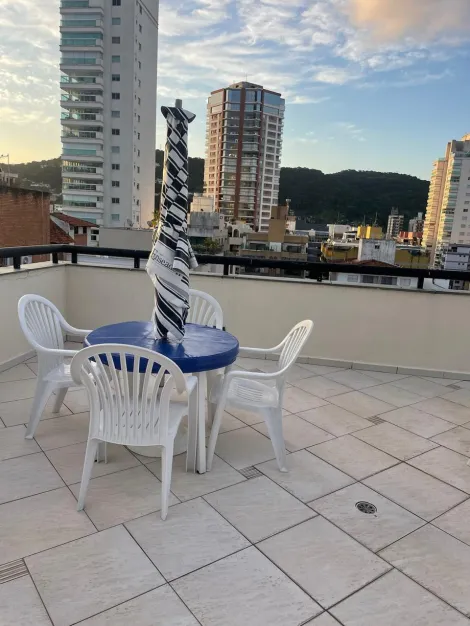 imagem 4 - Ótimo apartamento no Guarujá - Enseada imagem 4 - Ótimo apartamento no Guarujá - Enseada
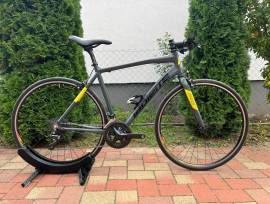 LAPIERRE Lapierre Shaper 200  Road bike Shimano Sora calliper brake used For Sale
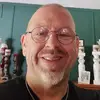 Uncle G - @gregorybartley1970 - TikTok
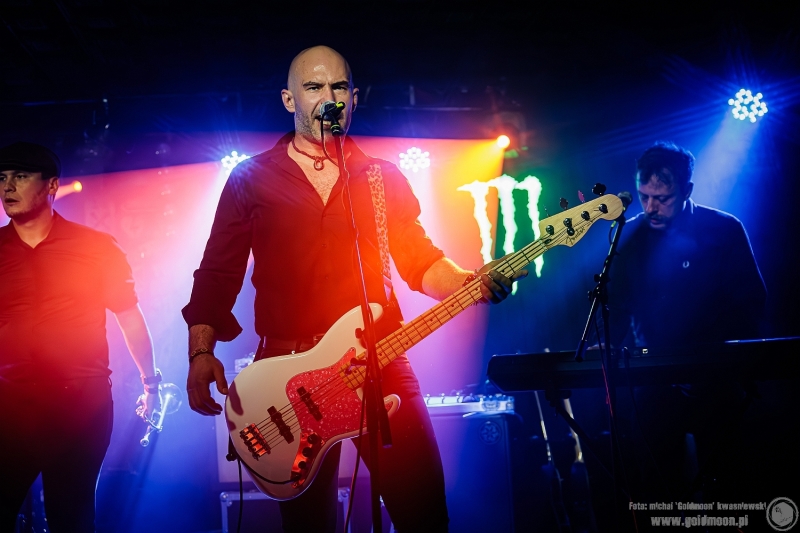 2025-11-09-Criminal-Tango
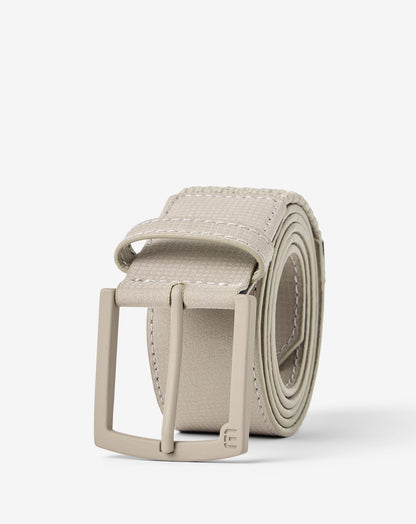 Travis Mathew Online Wanderlust Stretch Woven Belt Accessories|Golf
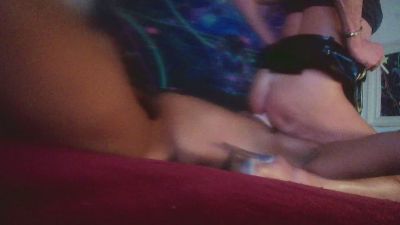 PaarSodom webcam model stream image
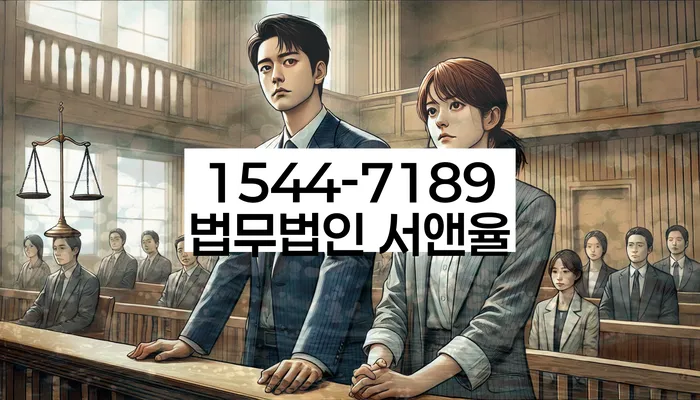 20년 대출 연체 시
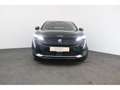 Peugeot 5008 1.2 TURBO AUTOMAAT GT-LINE *7-ZIT*PANO DAK*OPEN DA Noir - thumbnail 2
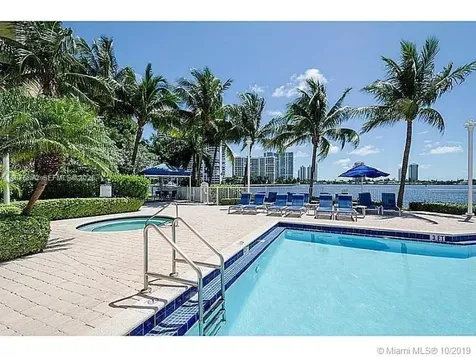 3370 NE 190 Street Aventura FL 33180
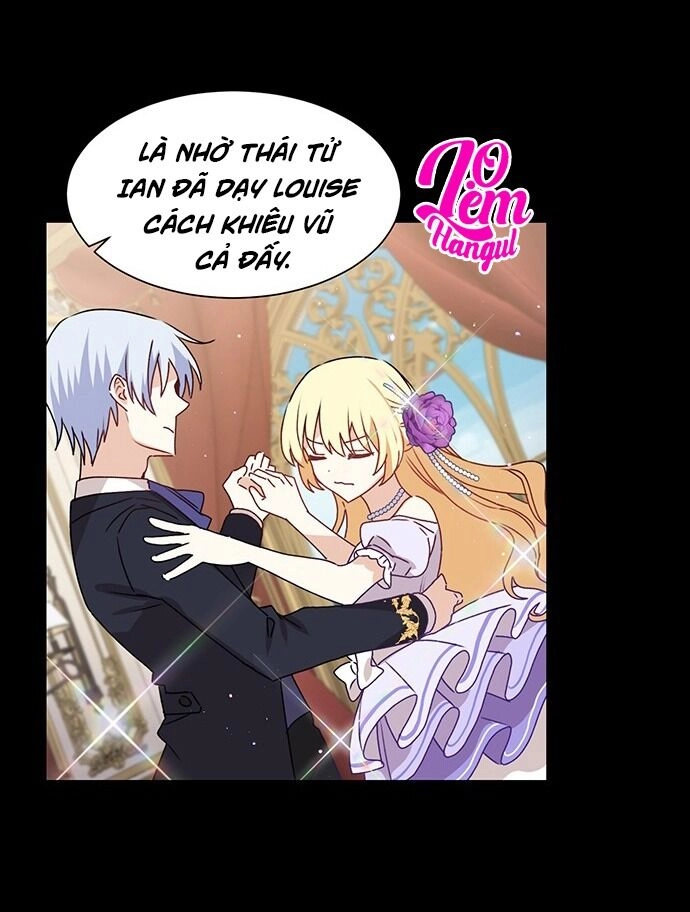 Vị Hôn Thê Của Nam Chính Chapter 23 - 60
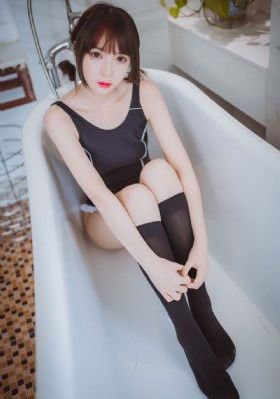 亚洲av人人澡人人爽人人夜夜_高清完整视频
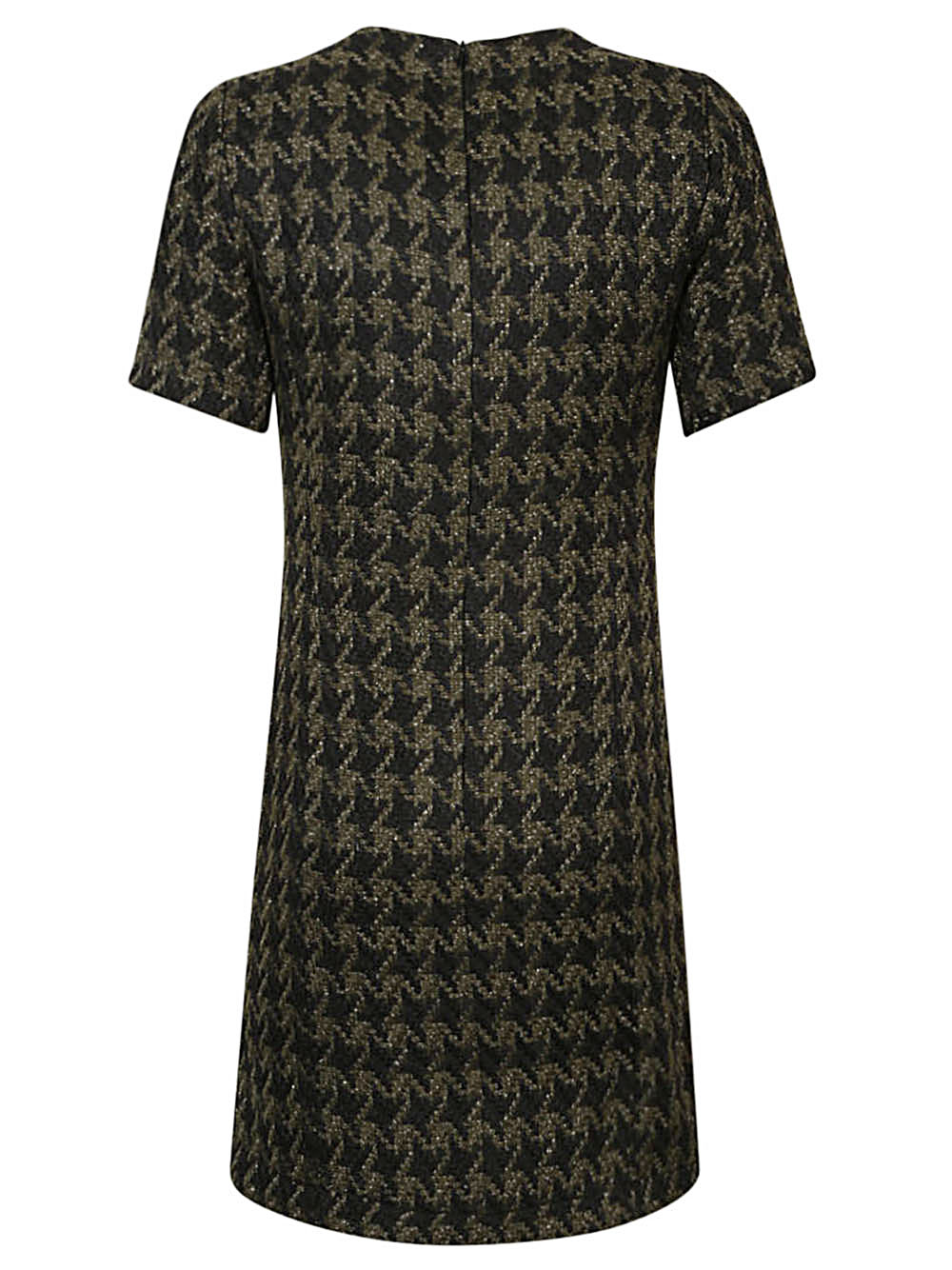 fw23---5 progress---10019pdpolive_1_p.jpg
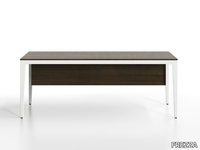 alplus-rectangular-office-desk-frezza-609022-rel487804f6.jpg thumb image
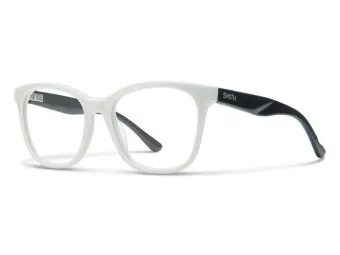 Smith Glasögon SM Lightheart R6S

● ● ● ● ● ● ●

- PROBLEM
Pictures should be left out when the records above are restated exactly.

- ANSWER TO THIS PROBLEM
 imagem 4 - Ótimo apartamento no Guarujá - Enseada imagem 4 - Ótimo apartamento no Guarujá - Enseada
 LAPIERRE Lapierre Shaper 200  Road bike Shimano Sora calliper brake used For Sale
 Uncle G - @gregorybartley1970 - TikTok
 2025-11-09-Criminal-Tango
 Travis Mathew Online Wanderlust Stretch Woven Belt Accessories|Golf
 PaarSodom webcam model stream image
 20년 대출 연체 시
 Peugeot 5008 1.2 TURBO AUTOMAAT GT-LINE *7-ZIT*PANO DAK*OPEN DA Noir - thumbnail 2
 3370 NE 190 Street Aventura FL 33180
 Vị Hôn Thê Của Nam Chính Chapter 23 - 60
 亚洲av人人澡人人爽人人夜夜_高清完整视频
 fw23---5 progress---10019pdpolive_1_p.jpg
 alplus-rectangular-office-desk-frezza-609022-rel487804f6.jpg thumb image
 Smith Glasögon SM Lightheart R6S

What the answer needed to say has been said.